* _Dataset extract_:
──────

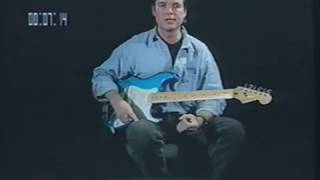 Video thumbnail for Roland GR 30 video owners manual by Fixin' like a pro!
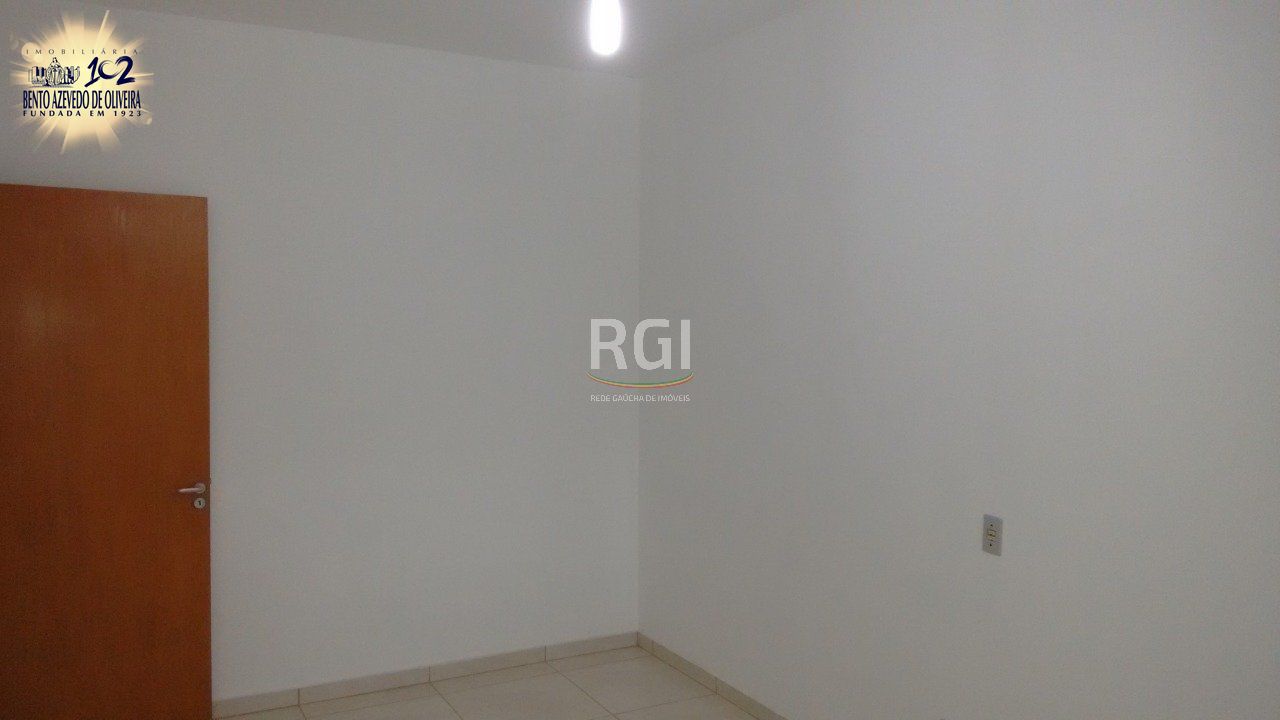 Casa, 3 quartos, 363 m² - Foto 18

──────

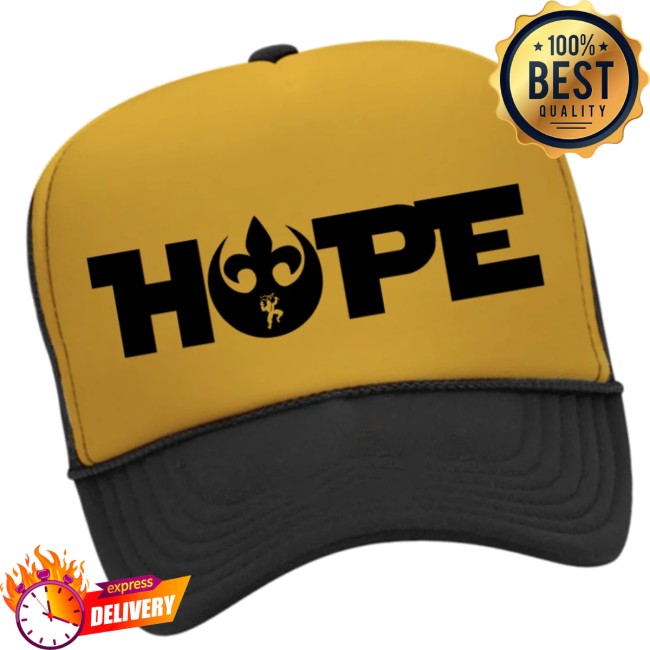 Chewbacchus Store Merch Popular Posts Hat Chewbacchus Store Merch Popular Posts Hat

──────

* _Activity_: Repeat exactly the lines above, from the line that contains "Video thumbnail for" down through the line that contains "Casa, 3 quartos, 363 m² - Foto 18". Include both of those lines and none of the pictures.

* _Response to this task_:
 Video thumbnail for Roland GR 30 video owners manual by Fixin' like a pro!
 Casa, 3 quartos, 363 m² - Foto 18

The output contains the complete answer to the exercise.